* [About this exercise]: Print exactly the lines below between the line containing "Hi all, this" and the line containing "Hi guys, they", counting both of those lines. Leave pictures out.

-------- The records --------

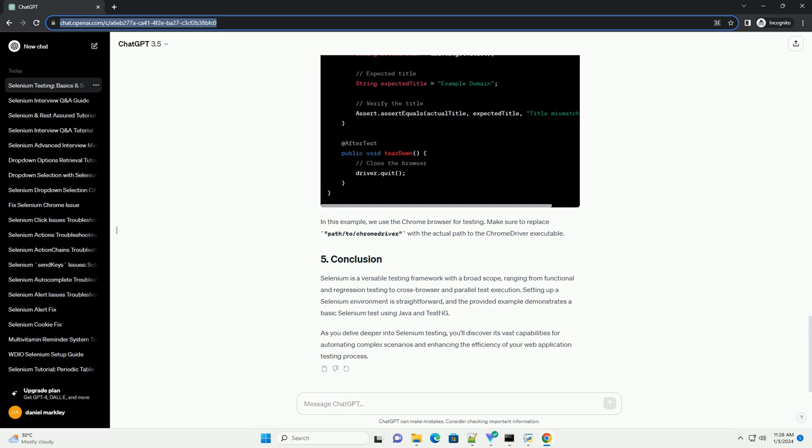Selenium is a versatile testing framework with a broad scope, ranging from functional and regression testing to cross-browser and parallel test execution. Setting up a Selenium environment is straightforward, and the provided example demonstrates a basic Selenium test using Java and TestNG. As you delve deeper into Selenium testing, you'll discover its vast capabilities for automating complex scenarios and enhancing the efficiency of your web application testing process.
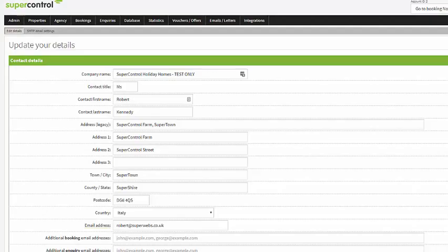It's crucial to complete this information in full because these are the details that your guest will see on their booking summaries. It also helps the client care team to identify your account and to contact using the details that you provide. So let's get into it.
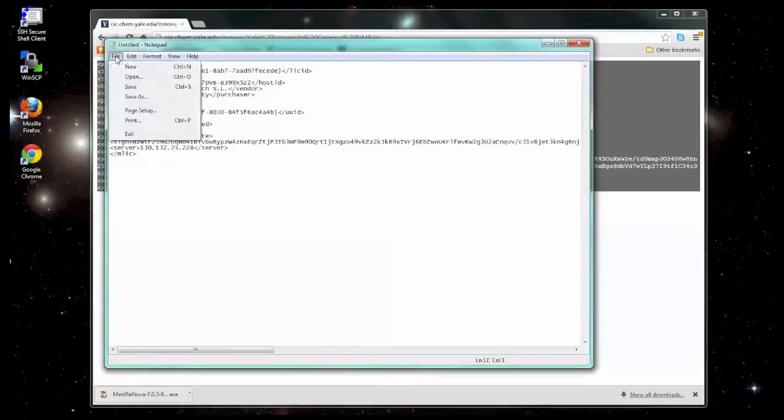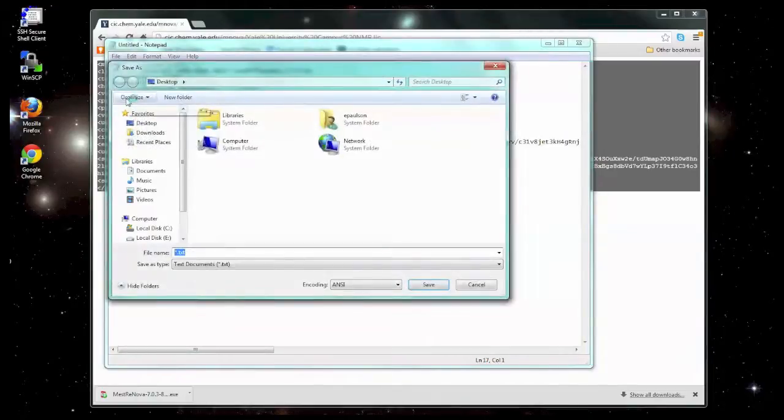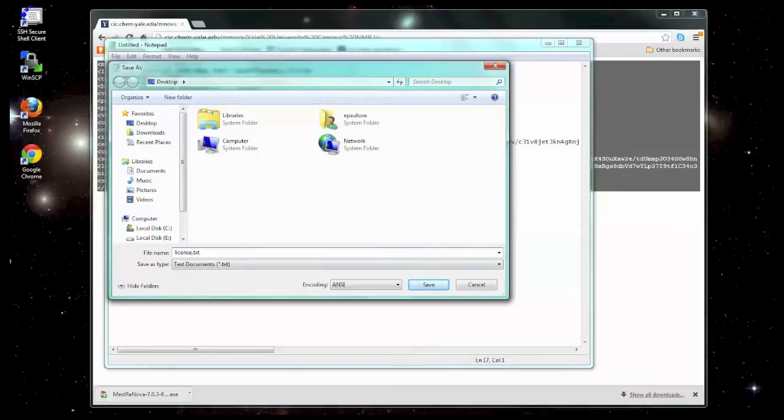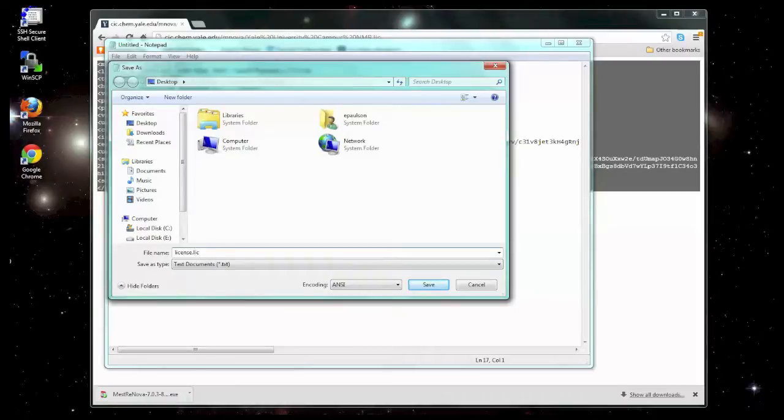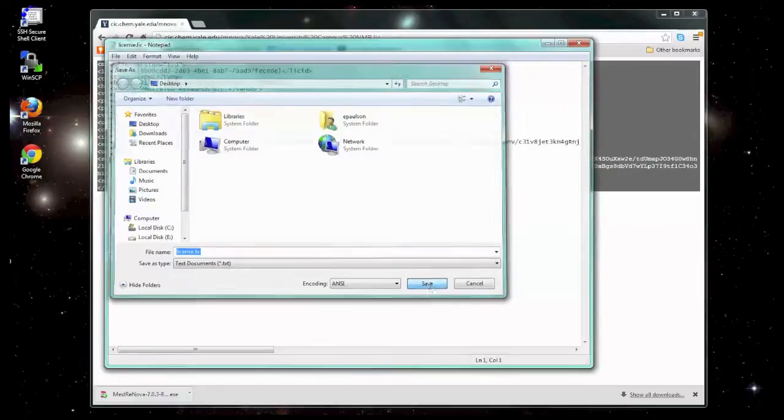Then select File, Save As. You can name it anything you want, but make sure you save it in a location that you can find later and with a name that you'll recognize later. It will help you if you change the extension from TXT to LIC. It will be easier to find later on once you are doing the activation process. Go ahead and save it.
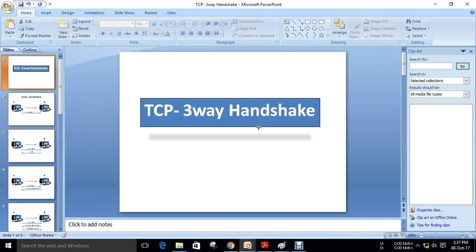Hi all, this is Gautam for PGSpot. In this video we are going to see about TCP 3-way handshake and its process.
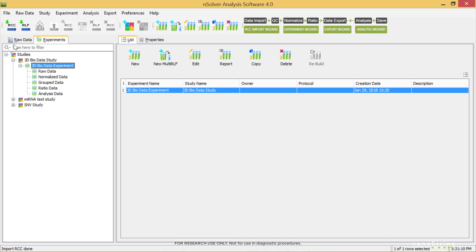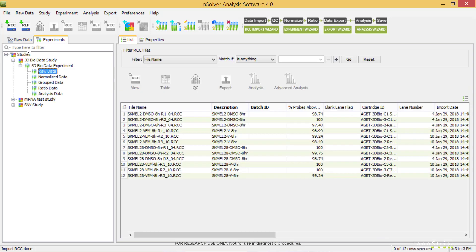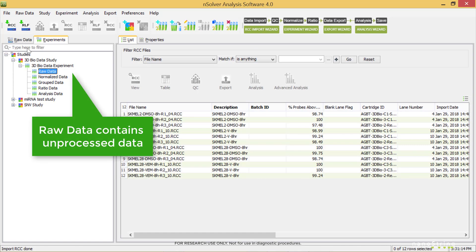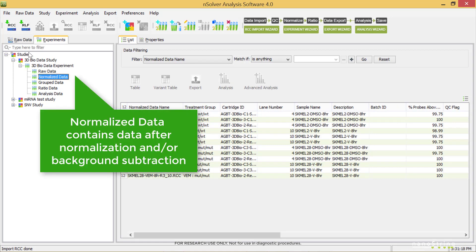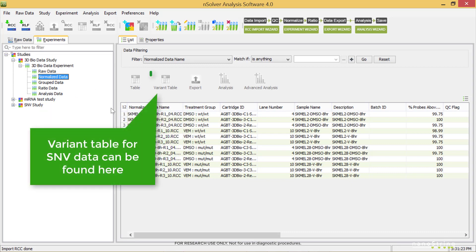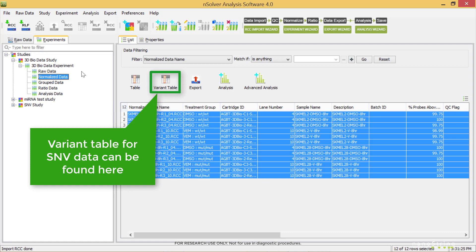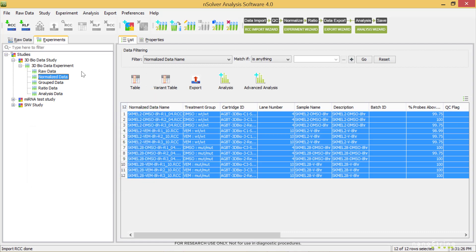Here, we'll discuss what levels of data you'll find here. The raw data contains unprocessed data. The normalized data contains data after normalization and background correction had been applied. As a side note, the variant table for SNV data can be found under this level.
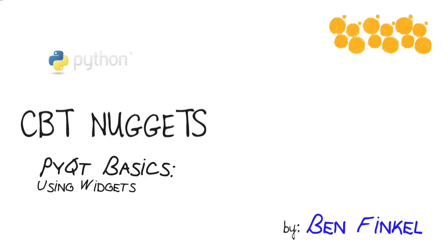PyQT basics using widgets. Hello everybody, Ben Finkel here. In this nugget we're going to cover how to use the basic user interface elements inside PyQT. They're called widgets.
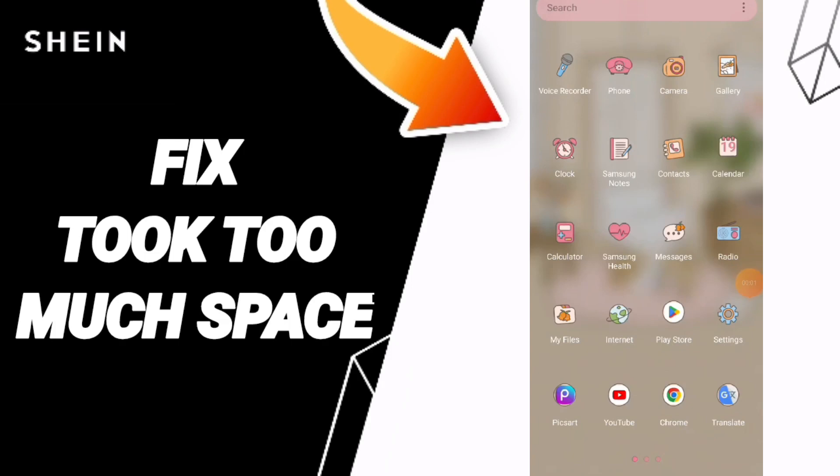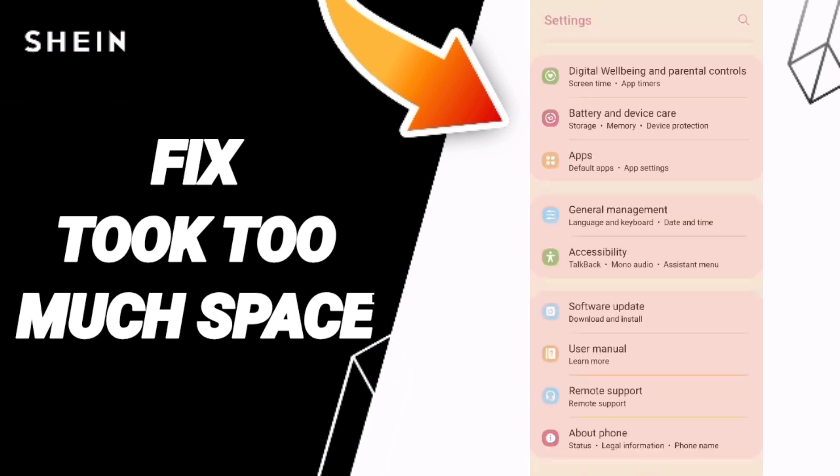Hi guys, they will ask about how to fix or how to solve the problem of took too much space on Shein app. To know how to fix or solve this, you should adjust good settings.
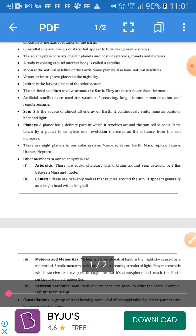A body revolving around another body is called a satellite. The moon is the natural satellite of Earth. Some planets also have natural satellites. Venus is the brightest planet in the night sky, and Jupiter is the largest planet of the solar system.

--------

* [Solution]:
Hi all, this is Gautam for PGSpot. In this video we are going to see about TCP 3-way handshake and its process.
Here, we'll discuss what levels of data you'll find here. The raw data contains unprocessed data. The normalized data contains data after normalization and background correction had been applied. As a side note, the variant table for SNV data can be found under this level.
PyQT basics using widgets. Hello everybody, Ben Finkel here. In this nugget we're going to cover how to use the basic user interface elements inside PyQT. They're called widgets.
Hi guys, they will ask about how to fix or how to solve the problem of took too much space on Shein app. To know how to fix or solve this, you should adjust good settings.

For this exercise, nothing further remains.